Much more often, expert chefs will use an accurate digital scale, particularly for baking. Cups are OK for liquids, and most people use spoons for small measurments like salt or yeast, but scales are accurate for everything from flour, to honey, to water, to softened butter.
Plus, since you can generally tare scales, you don't have to wash anything out but the big bowl you're mixing everything in! Trust me on this one, a good digital scale is an awesome way to spend $16 - $25.
If you're not baking, chances are you don't need precision. You rarely need to measure ingredients, except for baking, once you're pretty competent.

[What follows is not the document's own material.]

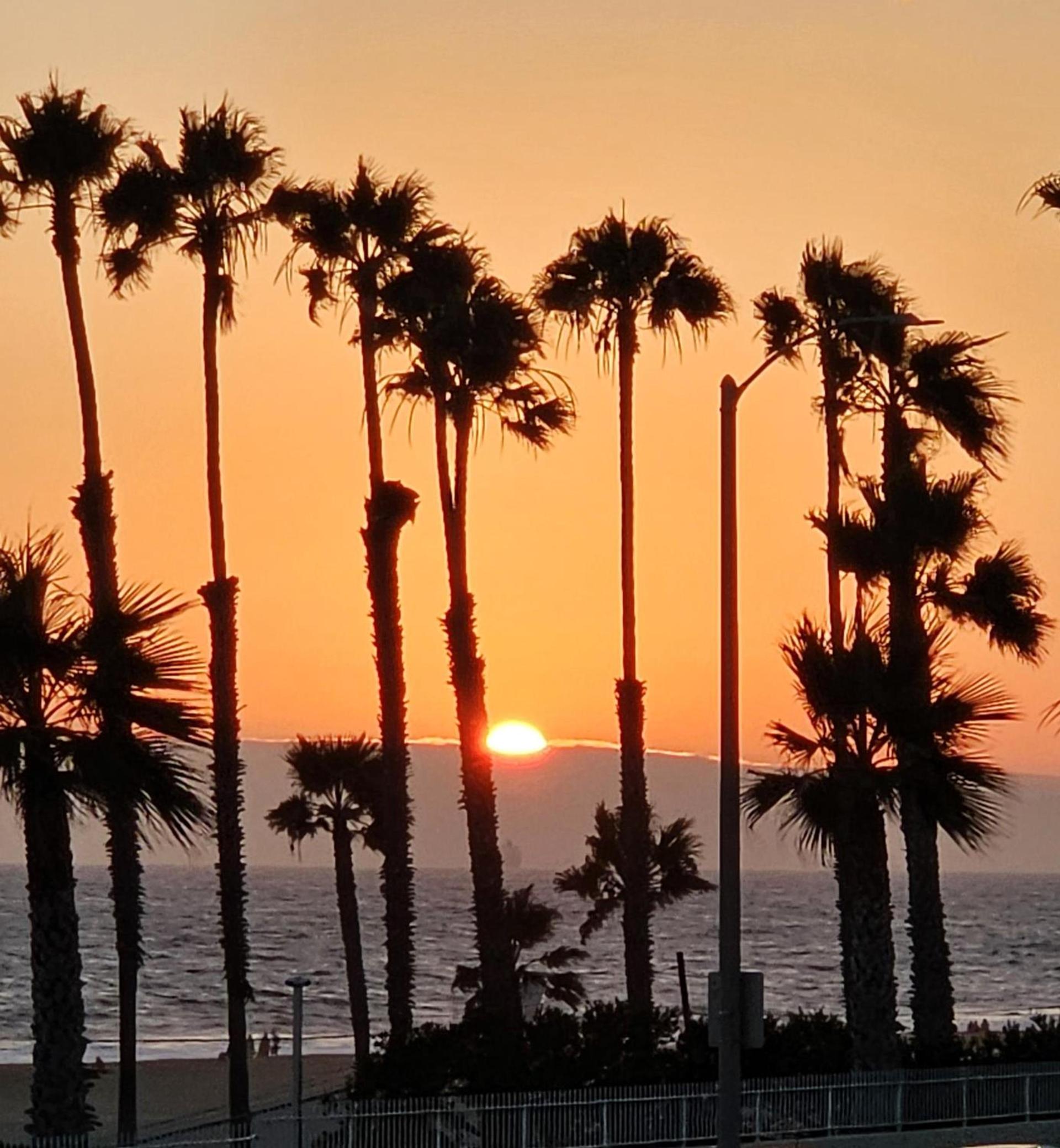 Huntington Surf Inn photo 2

EDIT: Just a note, I bake all my own bread and I always do it by weight. I use spoons for the yeast and salt, the scale for everything else. I have a habit of using a Pyrex measuring cup to nuke cold water, I stick a thermometer in it as it cools, and start mixing when it reaches 110F. So at that point, it gets poured from the cup to the mixing bowl. That has given me many opportunities to note the accuracy of the cups (my scale is very, very accurate, I test it all the time). Even standard Pyrex measuring cups, used properly (eye level, on a level surface) will give erroneous results. For 1 cup (237ml), you can do everything right with a measuring cup and still be off by as much as 20ml either way. That's over 8%. So I recommend weighing everything but tiny spoon quantities. Sometimes, I'll even break out my gram scale to weigh salt, but I have to find the recipe pretty intimidating to go that far.